最近、堀辰雄『大和路・信濃路』の中に収録されている「古墳」というエッセイを目にし、是非とも再訪してみたく思っていたところ、小山田遺跡の現地説明会があり、ついでに足を運んでみた。
菖蒲池古墳については、「古墳」というエッセイの中で次のように触れている。
「そうです、そのときはまず畝傍山の松林の中を歩きまわり、久米寺くめでらに出、それから軽かるや五条野などの古びた村を過ぎ、小さな池(それが菖蒲池か)のあった丘のうえの林の中を無理に抜けて、その南側の中腹にある古墳のほうへ出たのでしたね。――古代の遺物である、筋のいい古墳というものを見たのは僕にはそれがはじめてでした。丘の中腹に大きな石で囲った深い横穴があり、無慙むざんにもこわされた入口(いまは金網がはってある……)からのぞいてみると、その奥の方に石棺らしいものが二つ並んで見えていました。その石棺もひどく荒らされていて、奥の方のにはまだ石の蓋ふたがどうやら原形を留めたまま残っていますが、手前にある方は蓋など見るかげもなく毀こわされていました。

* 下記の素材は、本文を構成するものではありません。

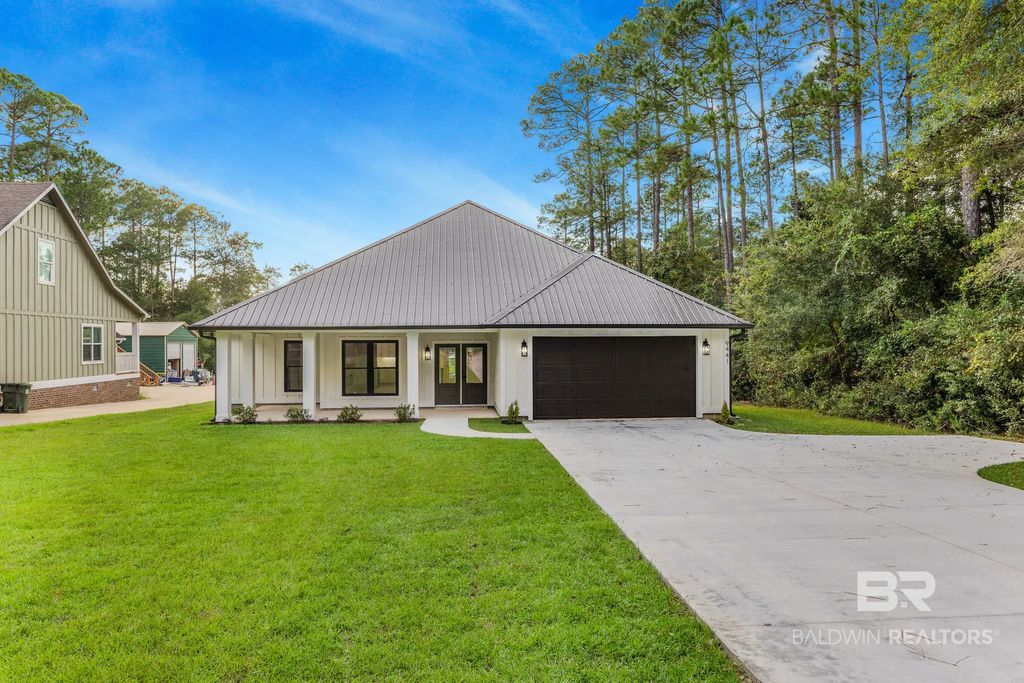 9441 Woodland Drive, Elberta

この古墳のように、夫婦をともに葬ったのか、一つの石廓せっかくのなかに二つの石棺を並べてあるのは比較的に珍らしいこと、すっかり荒らされている現在の状態でも分かるように、これらの石棺はかなり精妙に古代の家屋を模してつくられているが、それはずっと後期になって現われた様式であること、それからこの石棺の内部は乾漆になっていたこと、そして一めんに朱で塗られてあったと見え、いまでもまだところどころに朱の色が鮮やかに残っているそうであること、――そういう細かいことまでよく調べて来たものだと君の説明を聞いて僕は感心しながらも、さりげなさそうな顔つきをしてその中をのぞいていました。その玄室の奥ぶかくから漂ってくる一種の湿め湿めとした気とともに、原始人らしい死の観念がそのあたりからいまだに消え失せずにいるようで、僕はだんだん異様な身ぶるいさえ感じ出していました。」
僕が再訪した時は、かなりの人が来ており、なかなかエッセイの雰囲気を味わうことはできなかったのだが、エッセイにもある通り、大きな石室の中に、2つの家型石室が並んでいるのを覆屋の柵越しに見ることができた。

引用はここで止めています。